Nutmeg. Whole nut, half and powder isolated on white background.

Shutterstock

“I've never experienced anything like this in my life.”

Jeanine Roeters van Lennep, M.D., Ph.D
Check, Please!

Can you get high on nutmeg? A doctor explains what it does to the brain

Nutmeg is a potent spice sprinkled across holiday drinks, but ingesting too much may just land you in the hospital if you're not careful.

by Sarah Wells
Updated: 
Originally Published: 

Jeanine Roeters van Lennep is a vascular medicine internist at the Erasmus Medical Center and a self-described straight edge. She doesn’t do drugs and rarely overdoes it with alcohol, either. So when she woke up the night after a dinner in 2014 feeling dizzy, disoriented, and unable to recognize her colleagues or the campus, she was truly terrified. What, she asked herself, had happened to her at the dinner?

Her friends rushed her to the emergency room, where doctors were unable to determine the source of van Lennep’s confusion. They sent the confused and worried physician home with a shrug.

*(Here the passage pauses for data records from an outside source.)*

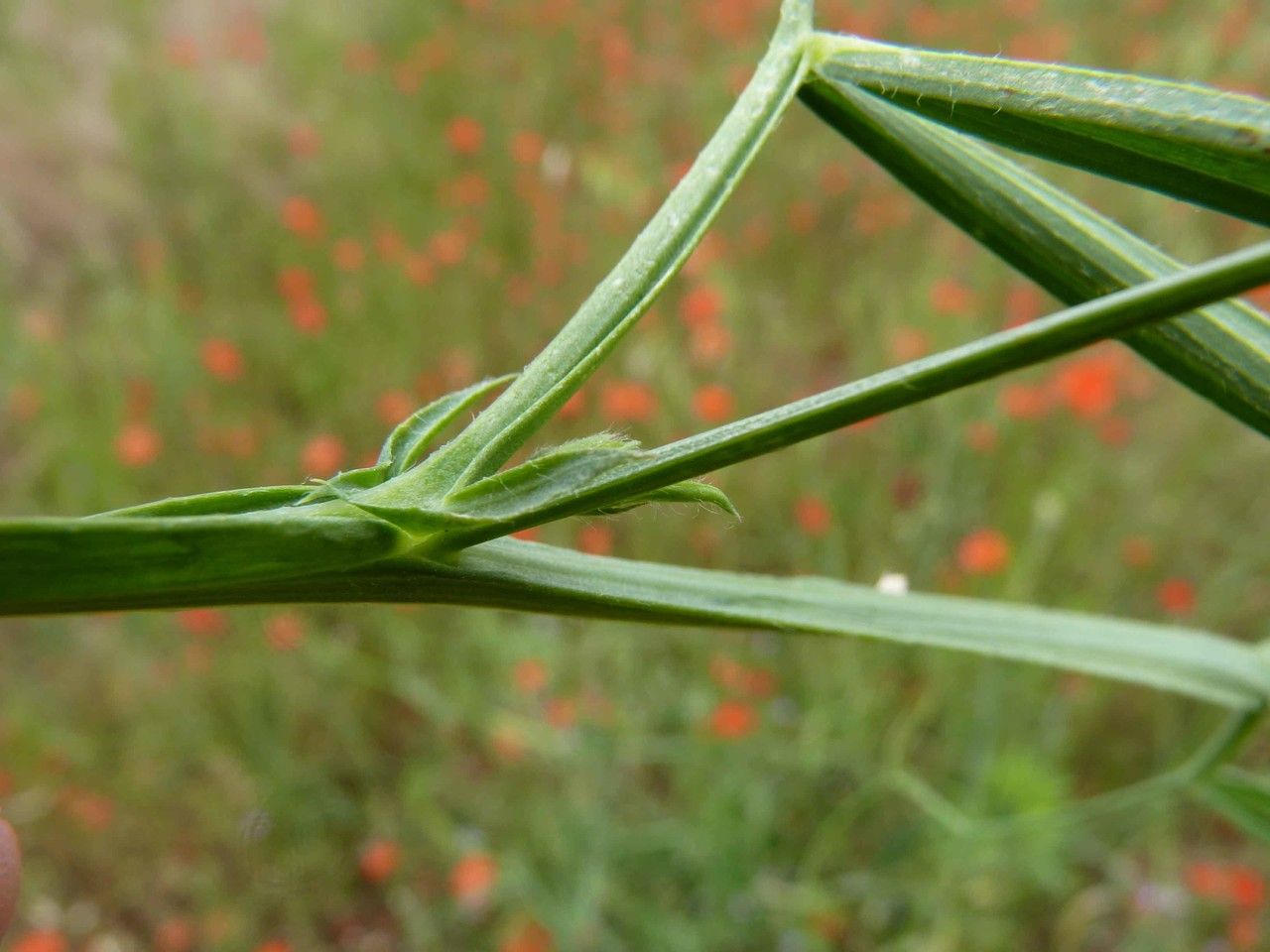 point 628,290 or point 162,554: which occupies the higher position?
point 628,290

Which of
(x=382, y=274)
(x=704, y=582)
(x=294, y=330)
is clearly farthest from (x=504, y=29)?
(x=704, y=582)

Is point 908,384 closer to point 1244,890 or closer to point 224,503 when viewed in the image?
point 224,503

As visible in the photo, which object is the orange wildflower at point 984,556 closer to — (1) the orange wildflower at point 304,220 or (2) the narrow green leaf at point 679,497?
(2) the narrow green leaf at point 679,497

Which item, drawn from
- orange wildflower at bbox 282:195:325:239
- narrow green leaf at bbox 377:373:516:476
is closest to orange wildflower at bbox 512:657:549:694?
narrow green leaf at bbox 377:373:516:476

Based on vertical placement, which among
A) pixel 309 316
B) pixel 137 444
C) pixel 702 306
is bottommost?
pixel 137 444

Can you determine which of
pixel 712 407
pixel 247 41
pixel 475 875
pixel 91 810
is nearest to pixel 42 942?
pixel 91 810

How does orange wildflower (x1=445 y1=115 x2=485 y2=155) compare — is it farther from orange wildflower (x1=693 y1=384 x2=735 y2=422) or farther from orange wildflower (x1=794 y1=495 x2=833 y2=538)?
orange wildflower (x1=794 y1=495 x2=833 y2=538)

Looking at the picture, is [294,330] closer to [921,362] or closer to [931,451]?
[931,451] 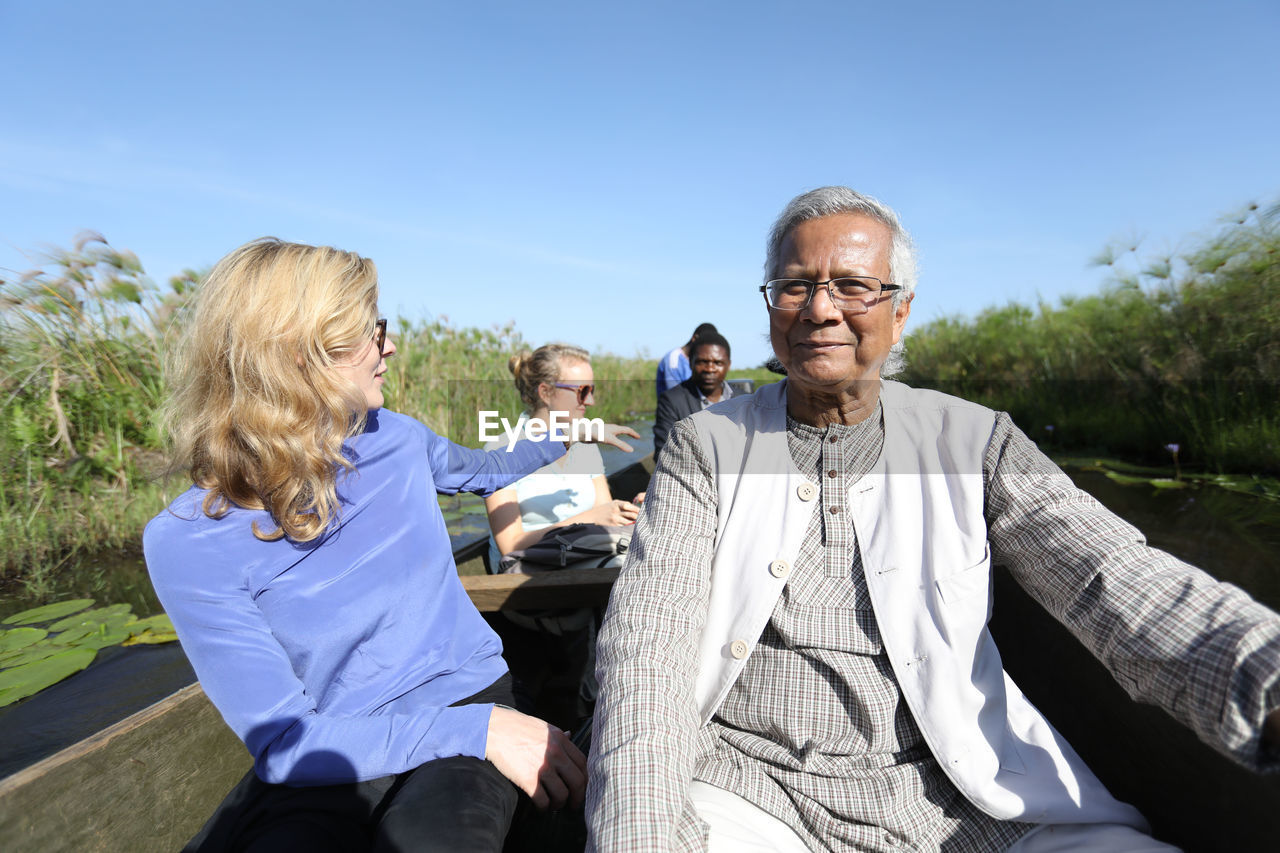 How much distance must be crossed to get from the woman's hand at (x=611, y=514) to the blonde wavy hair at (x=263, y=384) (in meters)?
1.33

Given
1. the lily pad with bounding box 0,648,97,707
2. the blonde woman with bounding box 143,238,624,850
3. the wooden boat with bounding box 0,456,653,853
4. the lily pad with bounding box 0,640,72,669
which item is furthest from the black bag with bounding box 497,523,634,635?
the lily pad with bounding box 0,640,72,669

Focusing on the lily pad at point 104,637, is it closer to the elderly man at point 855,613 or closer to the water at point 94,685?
the water at point 94,685

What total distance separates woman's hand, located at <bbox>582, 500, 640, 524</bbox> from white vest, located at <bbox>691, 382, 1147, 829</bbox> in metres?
1.23

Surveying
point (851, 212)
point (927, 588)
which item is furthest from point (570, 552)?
point (851, 212)

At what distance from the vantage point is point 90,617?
10.4 feet

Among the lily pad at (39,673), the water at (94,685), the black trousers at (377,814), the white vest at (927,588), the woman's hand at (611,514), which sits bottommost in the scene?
the water at (94,685)

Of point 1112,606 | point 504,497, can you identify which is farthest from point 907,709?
point 504,497

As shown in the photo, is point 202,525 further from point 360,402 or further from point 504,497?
point 504,497

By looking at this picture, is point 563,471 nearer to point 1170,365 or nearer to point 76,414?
point 76,414

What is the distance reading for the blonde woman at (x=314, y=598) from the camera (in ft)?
3.65

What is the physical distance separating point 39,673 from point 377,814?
7.61 ft

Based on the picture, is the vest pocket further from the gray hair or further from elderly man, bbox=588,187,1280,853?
the gray hair

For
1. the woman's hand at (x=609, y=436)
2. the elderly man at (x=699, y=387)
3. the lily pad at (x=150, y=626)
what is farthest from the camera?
the elderly man at (x=699, y=387)

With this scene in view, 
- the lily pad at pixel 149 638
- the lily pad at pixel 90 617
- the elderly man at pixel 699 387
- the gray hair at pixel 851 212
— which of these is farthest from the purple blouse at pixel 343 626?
the elderly man at pixel 699 387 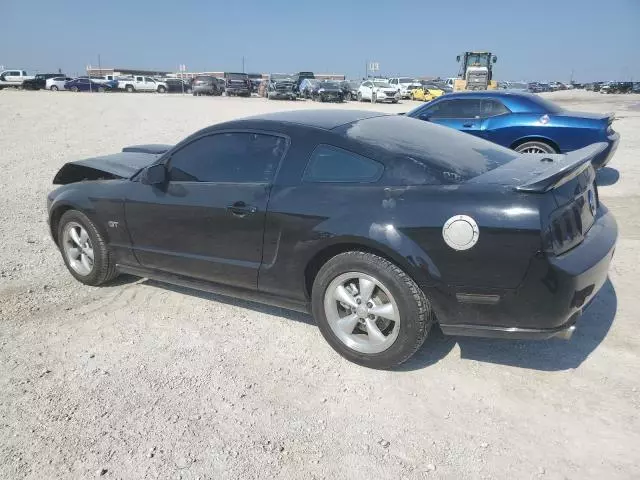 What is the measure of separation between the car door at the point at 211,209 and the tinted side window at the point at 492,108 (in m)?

“They couldn't find anything expected that I had a high heart rate,” van Lennep recalls for Inverse.

“I thought, well, I better go home because I don’t know what’s wrong with me but there’s definitely something wrong. I’ve never experienced anything like this in my life.”

In the United States, nutmeg may be sprinkled lightly over a holiday drink or stirred into egg nog. But in the Netherlands, they got a little harder.

Shutterstock

It was only later that van Lennep realized the culprit. At the fateful dinner, she had sprinkled an extra pinch or two of a pungent and deceptively hallucinogenic spice onto her food: Nutmeg.

“Traditionally in the Netherlands, you always have some nutmeg with asparagus,” van Lennep says. Usually, the diner grates their nutmeg themselves on the food, but that wasn’t the case at the large party van Lennep had gone to, which was part of an academic meeting.

“To make it convenient for a large group, they had little bowls of already grated nutmeg,” van Lennep says. Each diner could help themselves to as much or as little as they pleased — or not.

“I was just chatting with my friends so I just added some nutmeg and I thought, well, it's a little bit too much... I came back [for more] and again, a little bit too much.”

As the nutmeg fell ever more thickly on her asparagus, van Lennep says she felt fine as she ate it. But then hours later, in the middle of the night, she began to feel strange — so strange she went to the emergency room and ultimately remained in a weird mental state for several days.

What makes nutmeg hallucinogenic?

Van Lennep experienced autointoxication from nutmeg, meaning she accidentally gave herself a potent dose of the spice and intoxicated herself. But on the chemical level, van Lennep gave herself a high dose of a hallucinogen, myristicin, which is found in the oil of fresh nutmeg.

“Penny matchbox full of nutmeg had the kick of three or four reefers.”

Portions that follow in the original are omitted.